I can however give you 3 items to obtain that WILL HELP you get them gone

These items are no big secret, but people see too many options and freak out.

Then there is the toxicity topic that fires up so many, and I understand 100%! The health and safety argument needs to be at the front of the discussion line. I have and always will support the smartest choices based on the conditions and abilities of the grower.
 
Ridding your self of these bastards even with all the best tools is NOT easy and will take a combination of smart choices, hard work, and due diligence in your routines
 
GO GET THESE 3 THINGS-

1- PCO CHOICE CEDARCIDE - AS AN AREA SPRAY ONLY! , IMO

This is a very effective and SAFE way to spray around your grow room and near the plants. Also safe for the kids and pets, not to mention it is a great pest control spray for anywhere around your home. Think its like $75 or so for the quart size. You'll need it! Now don't spray it IN the plants, just use everywhere near or around the the plant and room, and they will DIE once this stuff touches them.
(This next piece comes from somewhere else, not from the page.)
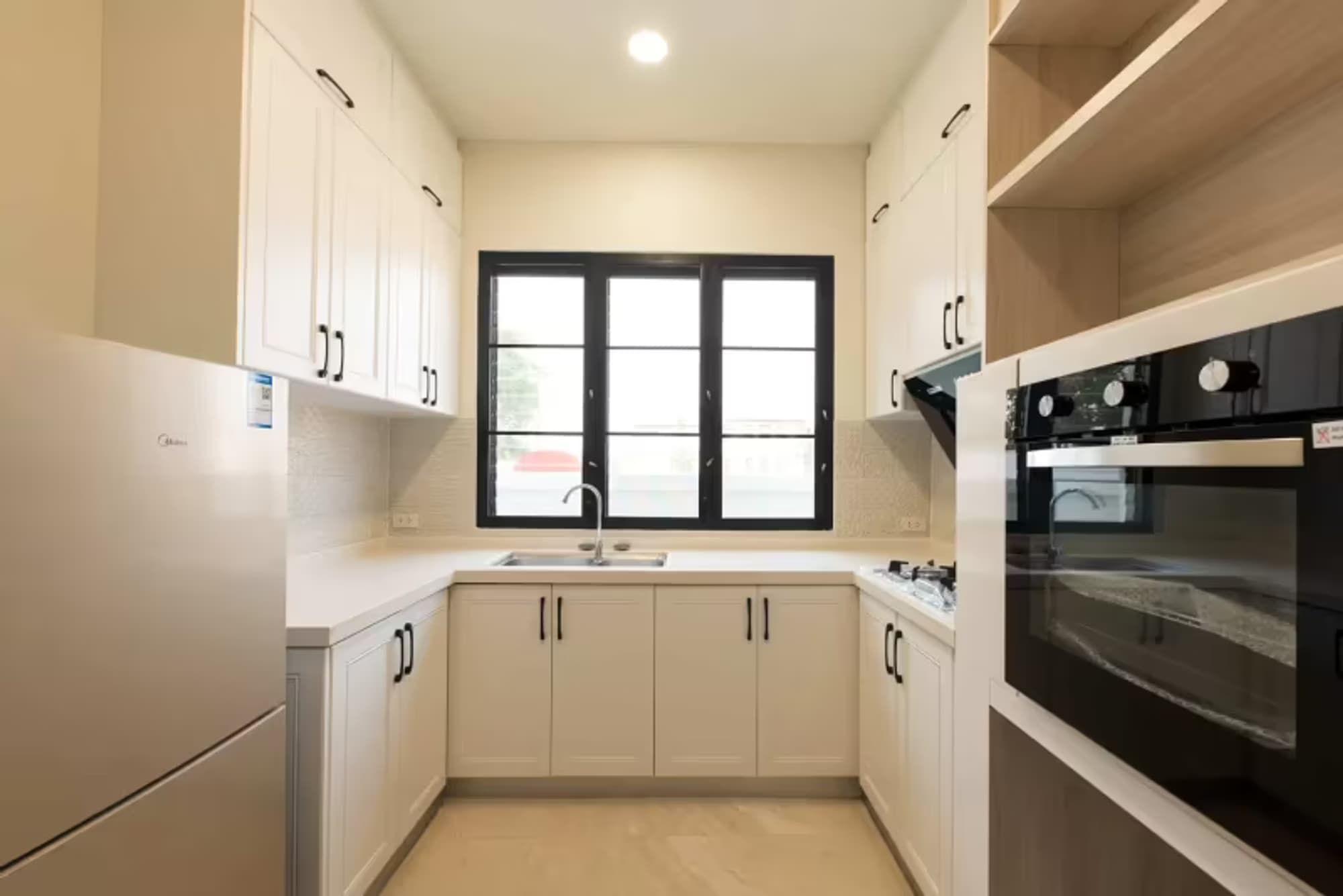 4 Bedroom House - Image 6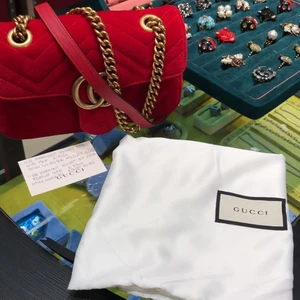 GUCCI GG Marmont Velvet Crossbody - Intressekoll på min älskade röda GUCCI Marmont Velvet Crossbody. Väl använd så har förslitningsskador, därav låga priset. Hjärta på baksidan. Köpt i London, KVITTO och dustbag MEDFÖLJER så fråga ej om äkthet tack. Nypris 15.000:-. DM för fler bilder på små skadorna.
Even H202 and bleach will not always kill them, but the cedarcide will

Granger preaches about the benefits of this and with his help, I learned just how great this product is. I personally didn't have good luck using it as a root drench, as it damaged and killed a few experiments
 

BlazinPurps

Active member
\

Anyone else who has these don't forget to say where you think they came from, soil or a clone from someone else.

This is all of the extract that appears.